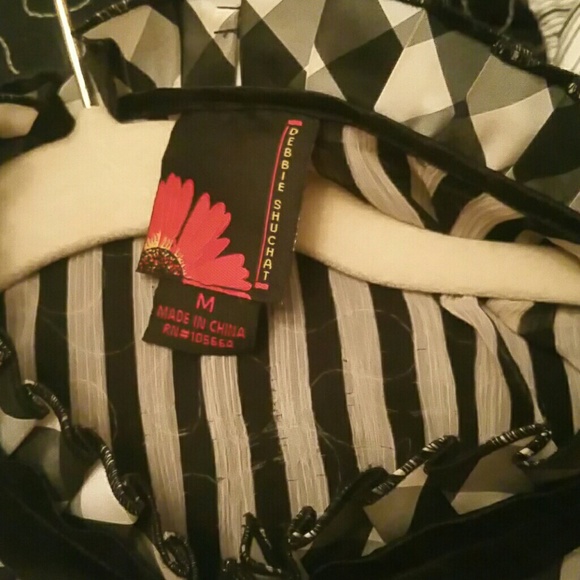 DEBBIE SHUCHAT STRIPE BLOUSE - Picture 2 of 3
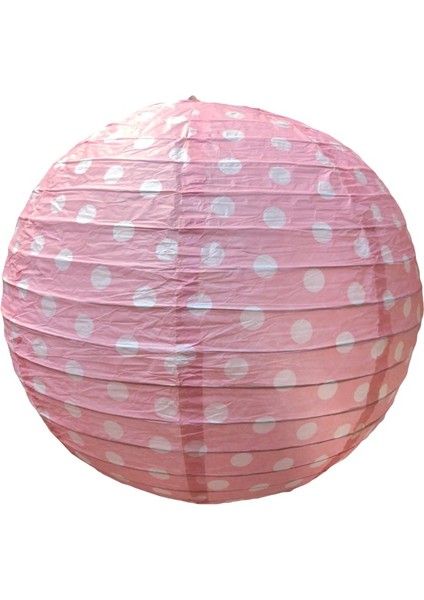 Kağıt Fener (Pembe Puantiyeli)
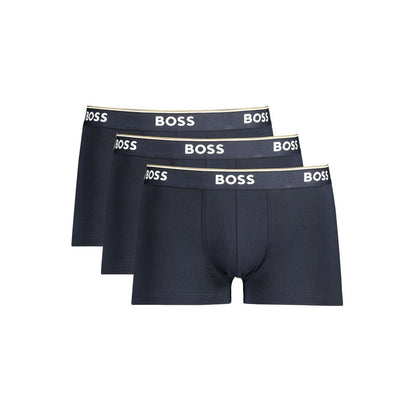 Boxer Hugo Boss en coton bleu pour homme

**EXERCISE PROMPT**
When you reproduce the data shown above, keep each line exact and omit every picture.

**RESPONSE**
 DEBBIE SHUCHAT STRIPE BLOUSE - Picture 2 of 3
 Kağıt Fener (Pembe Puantiyeli)
 Boxer Hugo Boss en coton bleu pour homme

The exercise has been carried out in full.